▶ [Work required]: Print exactly the line that contains "Glass - NCYPgarden", then every following line through the end of the material; include nothing else and no pictures.

*** Opening Supplied records ***

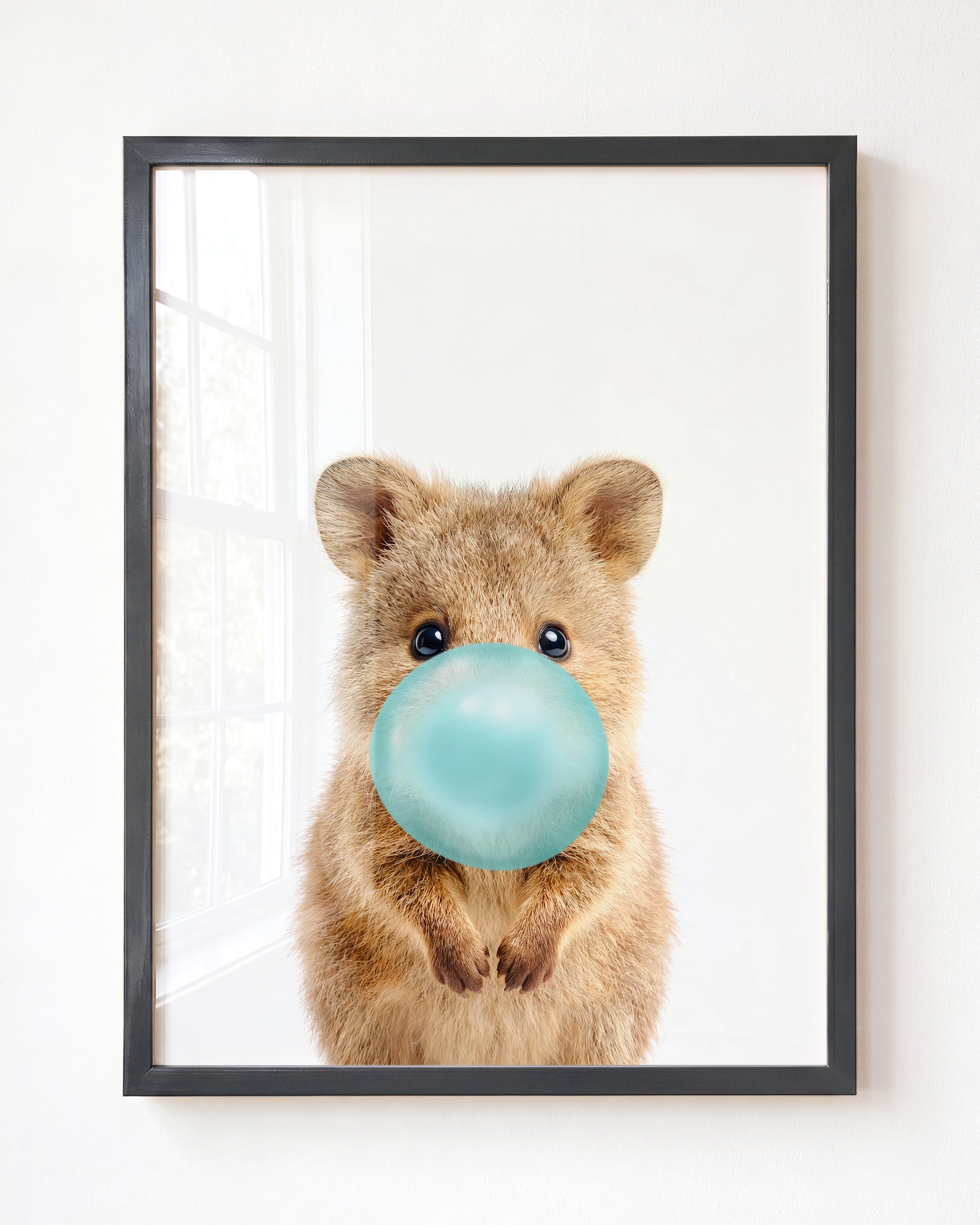 Baby Quokka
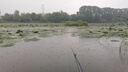 沃鼎釣魚(yú)傘遮陽(yáng)傘新款機械臂加固加厚拐杖傘露營(yíng)戶(hù)外沙灘傘防雨臺釣傘 曬單實(shí)拍圖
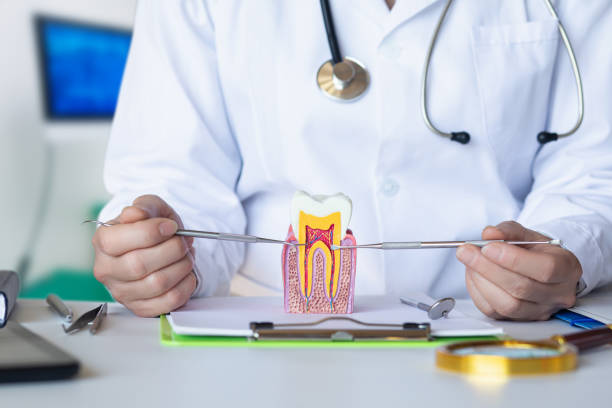 Best Emergency Dentist for Lost Fillings or Crowns in Lakewood Clu, MI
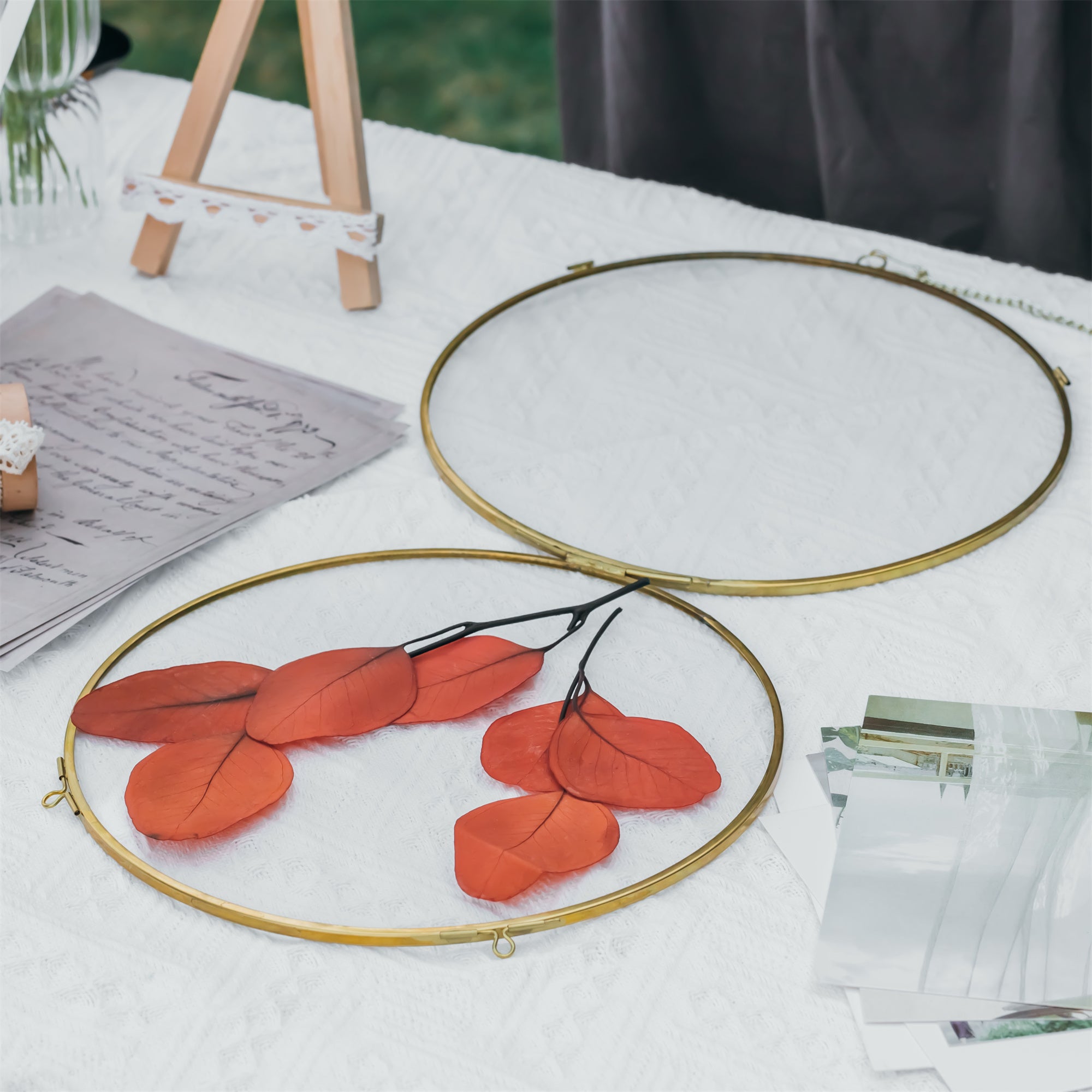 Round 6", 7" 10" 12" gold herbarium brass glass frame, Brass and Glass - NCYPgarden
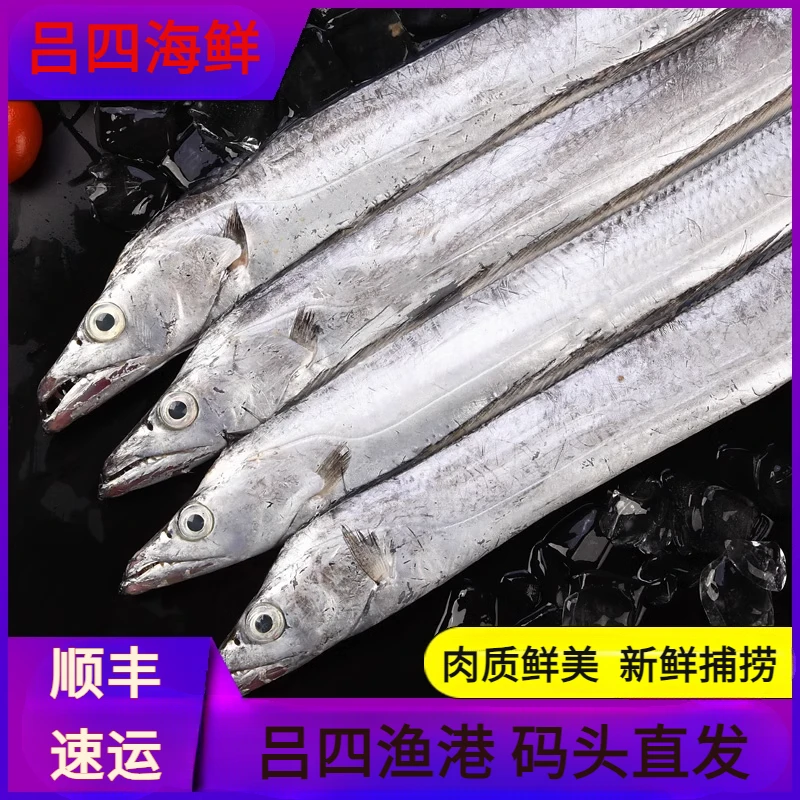 吕四渔港 新鲜正宗小眼睛油带鱼流网，老鹰带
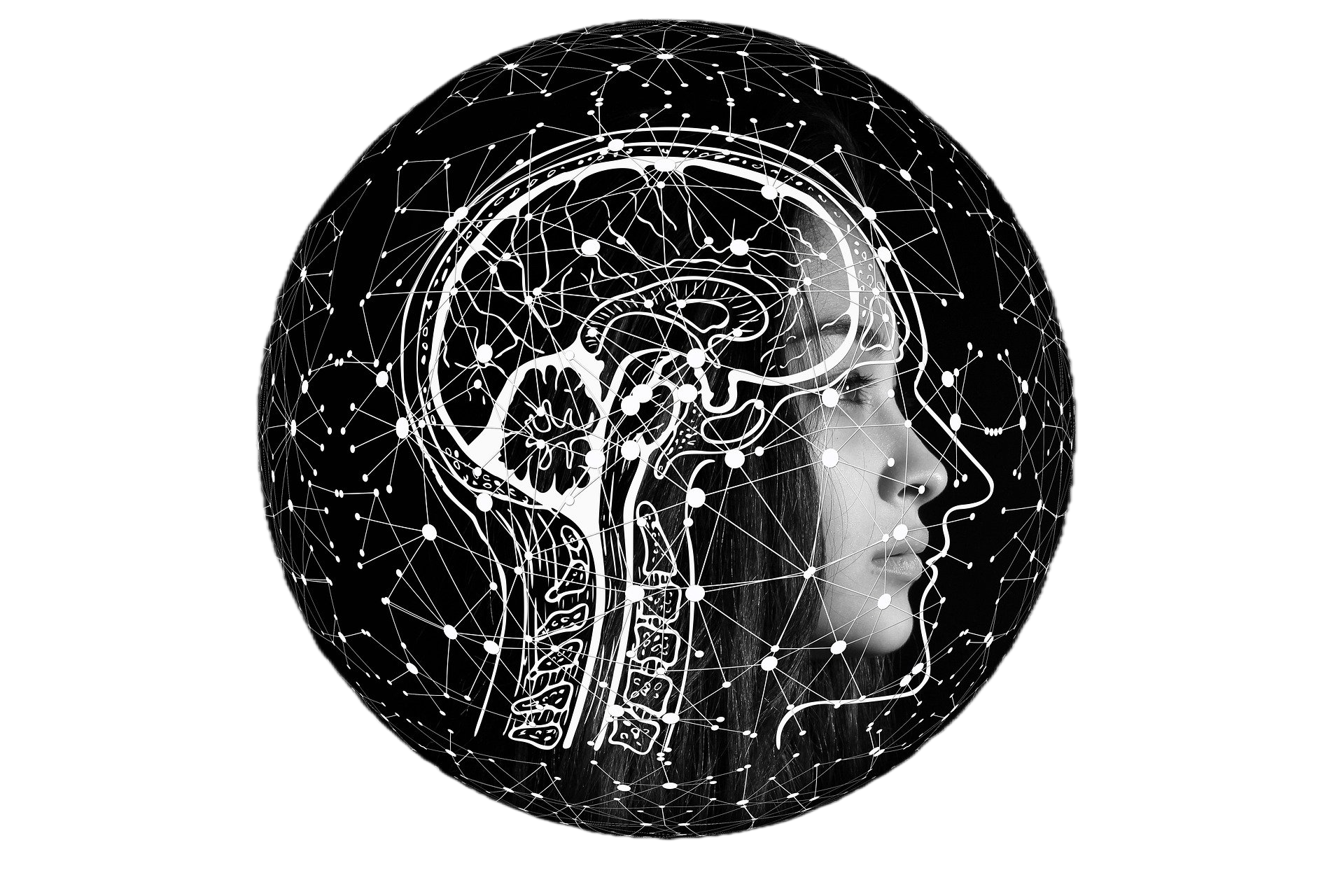 AI/머신러닝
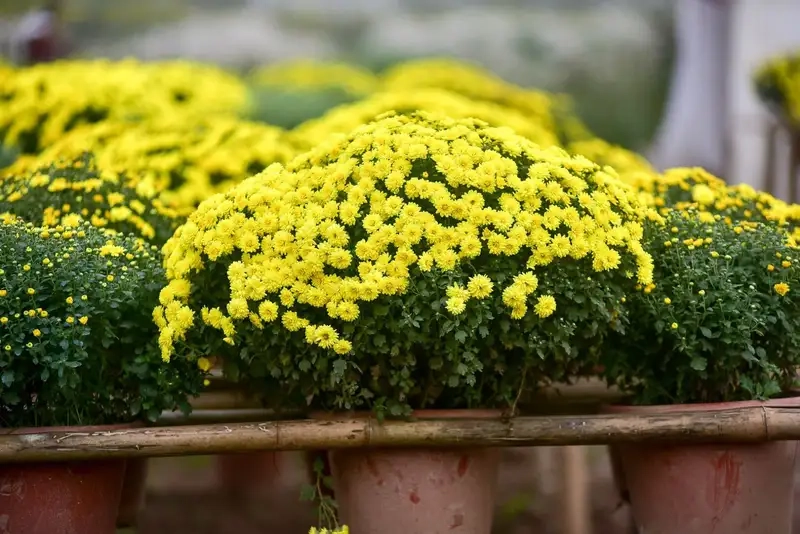 Tận hưởng vẻ đẹp rực rỡ của Hoa cúc mâm xôi trong vườn nhà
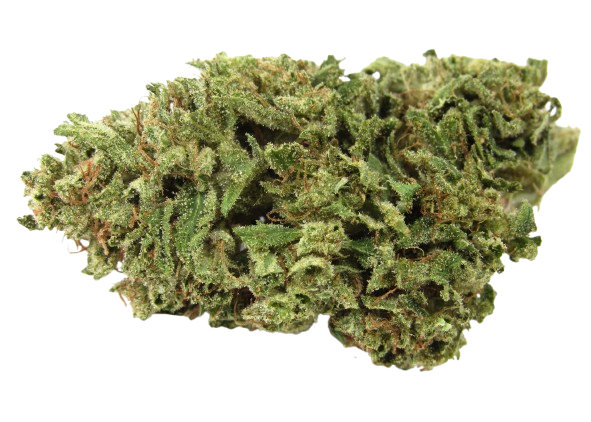 La Bomba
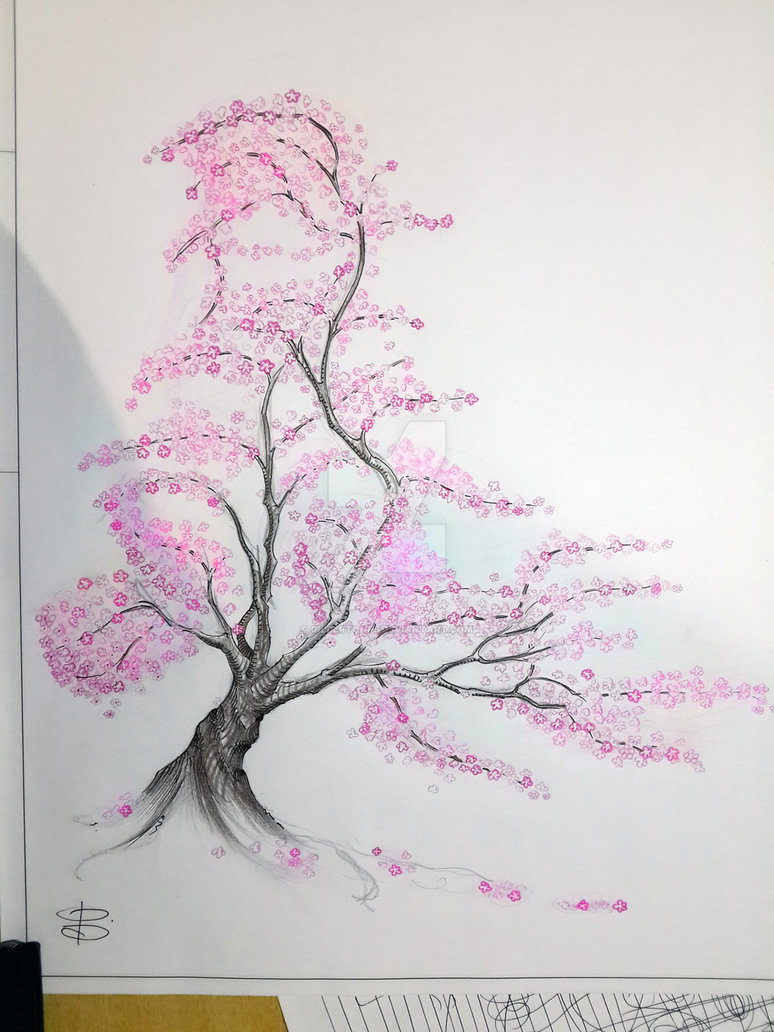 774x1032 Sketches Of Cherry Blossom Trees Cherry Blossom Treegilbertonfj On - Blossom Tree Sketch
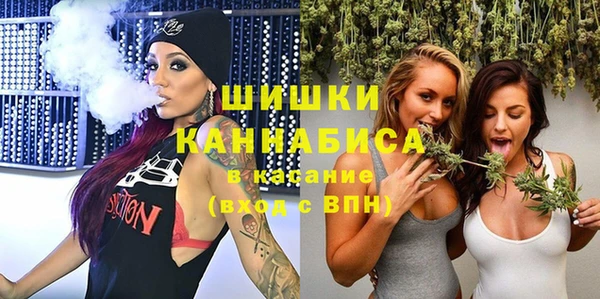 спайс Губаха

*** Closing Supplied records ***

▶ [Solution for this exercise]:
 Round 6", 7" 10" 12" gold herbarium brass glass frame, Brass and Glass - NCYPgarden
 吕四渔港 新鲜正宗小眼睛油带鱼流网，老鹰带
 AI/머신러닝
 Tận hưởng vẻ đẹp rực rỡ của Hoa cúc mâm xôi trong vườn nhà
 La Bomba
 774x1032 Sketches Of Cherry Blossom Trees Cherry Blossom Treegilbertonfj On - Blossom Tree Sketch
 спайс Губаха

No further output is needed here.